4.2.3 if conf _z For Boolean type, let v _z = {0,1}, v will be _z Put in V, turn 4.2.7;

4.2.4 if conf _z To enumerate the types, orderWherein->Conf extracted for Spex algorithm _z All possible values of (a) will be v _z Put in V to transfer 4.2.7;

4.2.5 if conf _z For the character string type, orderWill v _z Put in V to transfer 4.2.7;

4.2.6 if conf _z For the value type, then pair conf _z Is sampled by the following method: recording conf extracted by Spex algorithm _z The minimum value of (2) is Min, the maximum value is Max, and v is set to _z ＝{Min，10·Min，10 ² Min，Max，10 ^-1 ·Max，10 ^-2 Max }, v _z Put in V to transfer 4.2.7;

4.2.7 if z=n', a set V of the set of values to be measured is obtained, v= { vv ₁ ，vv ₂ ...，vv _z …，vv _N′ Ending; otherwise, let z=z+1, turn 4.2.2.

6. The method for detecting I/O sequential database performance problems according to claim 1, wherein the performance test tool comprises a sysbench version 1.0.14 or an apache-benchmark version 2.4 in step 4.4.

7. The method for detecting performance problems of an I/O-oriented database according to claim 1, wherein the parameter values of the performance test tool in step 4.4 include concurrency, load type, data table size, data table number, read operation ratio, write operation ratio.

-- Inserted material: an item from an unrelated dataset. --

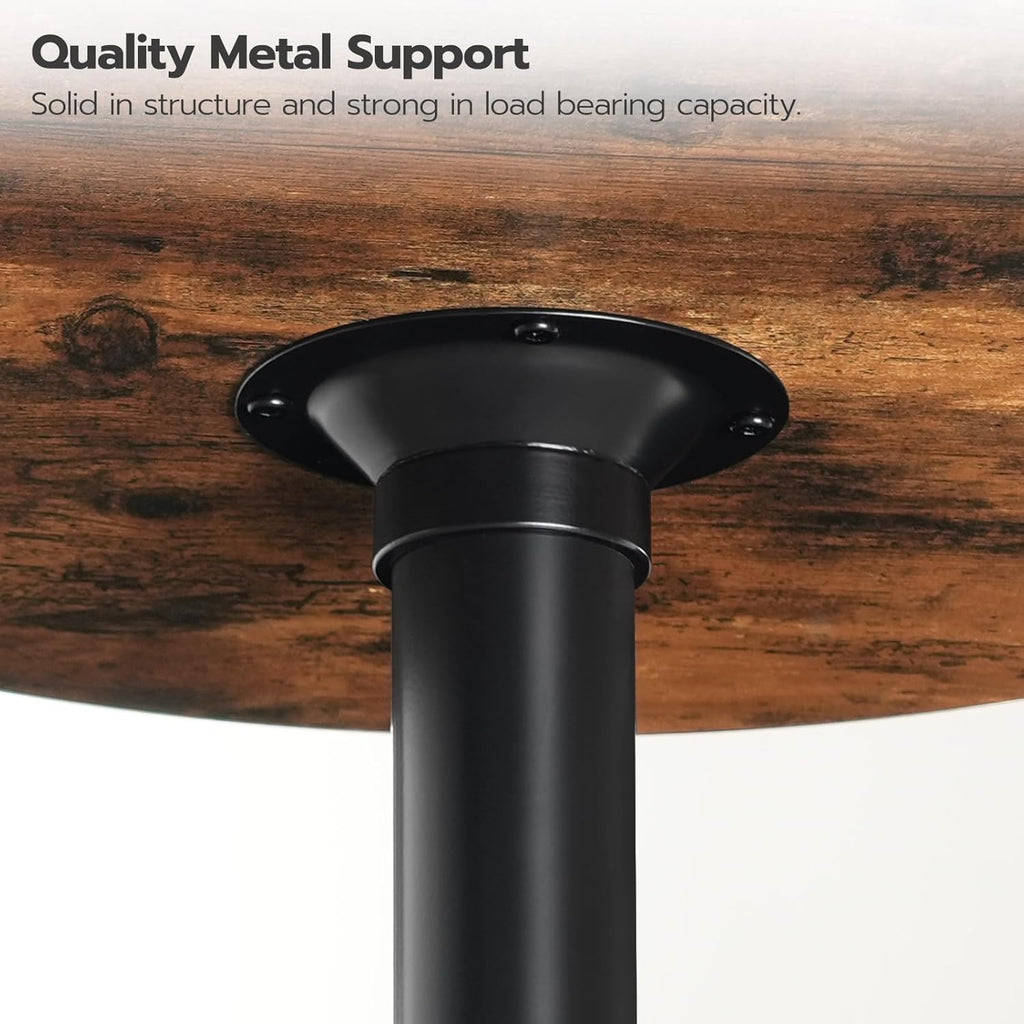 HOOBRO Round Bar Table, 35" Tall Pub Table, Cocktail Table with Base for Narrow Space, Bar Height Table for Kitchen, Easy to Assemble, Rustic Brown BF57BT01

8. The method of claim 1, wherein the step of step 4.5 is d1= { D11, D12}, d11=amd Ruilong 95700xt, d12=64 GBDDR4 memory, d2= { D21, D22, D23, D24}, d21=samsung 980pro, d22=west sn850, d23=samsung 8620 ev, d24=west blue.

9. The method for detecting I/O sequential database performance problems according to claim 1, wherein the step A is equal to or greater than 18X YxL in 4.8 steps.

10. The method for detecting performance problems of an I/O-oriented database according to claim 1, wherein the open source tool fio requires more than 3.2 versions in step 5.4.